Overview

MARS3 Bucket is a storage-layer parallel execution optimization mechanism designed by YMatrix for parallel scan scenarios in MPP architectures. By organizing data into multiple logical buckets based on hash values of the distribution key during the write phase, it ensures that data sharing the same distribution key is processed by the same worker during parallel scans. This preserves data distribution semantics (locus), eliminates unnecessary data redistribution (Motion), and achieves a performance leap from "scanning faster" to "computing more locally."

Core Value

  • Reduces Unnecessary Data Transmission
    Prevents additional Motion operations caused by parallel scans.
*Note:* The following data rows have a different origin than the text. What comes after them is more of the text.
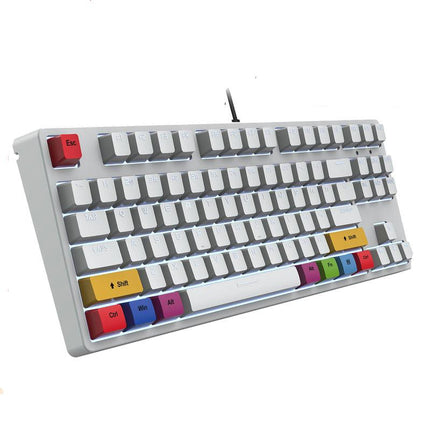 87-Key Wired Mechanical Keyboard with ABS Keycaps, Hot-Swappable Silent Red Switches, and White Backlight for Office and Gaming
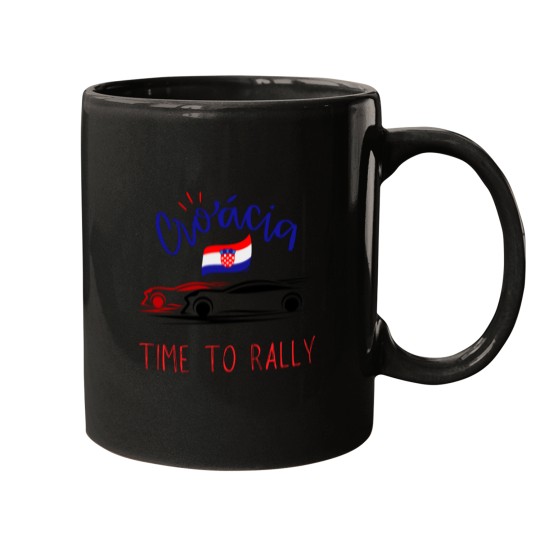 Discover Croatia Time to Rally car rallyingcar rallying t Active Mugs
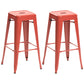 Industrial Style Metal Bar-stool Square Iron Seat Counter Stool for Kitchen Bar Red Backless 2 Piece Set Clearhalo 'Bar Furniture' 'Bar Stools' 'bar_stools' 'furn' 'furn_bar_stools' 'furniture_bar_stools' 'Kitchen & Dining Furniture' 'kitchen&dining_furn' 'kitchen' 'kitchen_furn' Furniture' 4603085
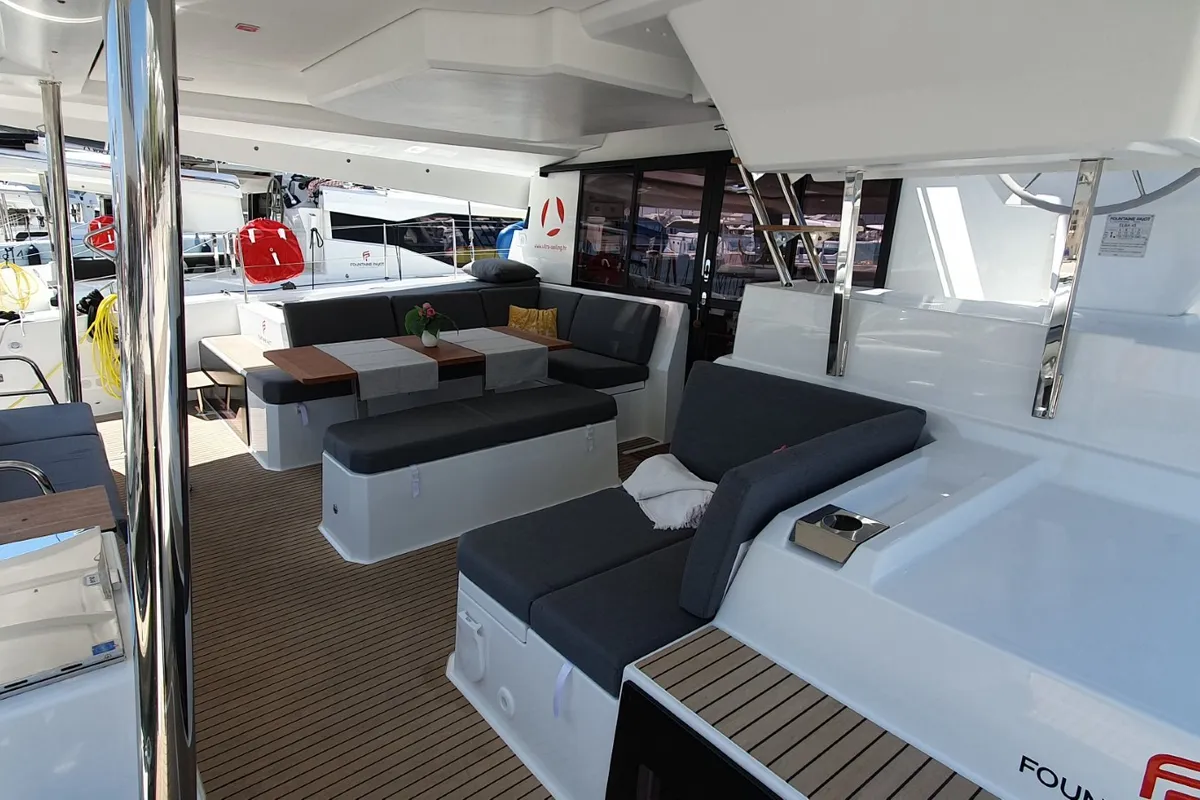 Deck of Summer Flow, a Fountaine Pajot Elba 45 catamaran at Seget Donji, Croatia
In TPCH S100 and S1000 benchmarks, query performance improves by approximately two-fold.
  • Reduces Slice Count and Execution Complexity
    Decreases the number of execution slices (Slices), thereby reducing system scheduling overhead.
  • Unlocks Parallel Potential
    Extends parallelism beyond the scan layer, allowing it to more effectively translate into gains across the entire query path.

Bucket Execution Steps

The goal of MARS3 Bucket is to maintain strong data locality after parallel scanning, enabling more computations to complete locally.

Building upon traditional distribution—which determines which data node stores specific data—MARS3 Bucket further organizes data within each node into structured buckets. This ensures that data belonging to the same bucket is output by a single worker.

The fundamental difference between the MARS3 Bucket approach and standard page-preemptive parallel scanning is that internal segment processing becomes organized. Parallel scanning evolves from simply having multiple workers read data concurrently to collaboratively reading data according to distribution semantics.

Image

Consider a table t_sales with distribution key c1. The following SQL is executed: select c1, count(*) from t_sales group by c1;

Non-Bucket Mode (Parallel Scenario)

In a standard parallel scenario (without Bucket mode), the execution plan is as follows:

Gather Motion 12:1
  -> Finalize HashAggregate
       Group Key: c1
       -> Redistribute Motion 12:12
            Hash Key: c1
            -> Partial HashAggregate
                 Group Key: c1
                 -> Parallel Seq Scan on t_sales
  1. Parallel Sequential Scan: Each Segment launches multiple workers to read data in parallel. However, workers compete randomly for pages. Consequently, there is no guarantee that data sharing the same c1 value is processed by a single worker.
  2. Partial Hash Aggregate: Each worker performs an initial aggregation only on the data it has read.
  3. Redistribute Motion: Since the same c1 value may still be scattered across multiple workers after partial aggregation, data must be redistributed based on c1 to ensure correct final aggregation results.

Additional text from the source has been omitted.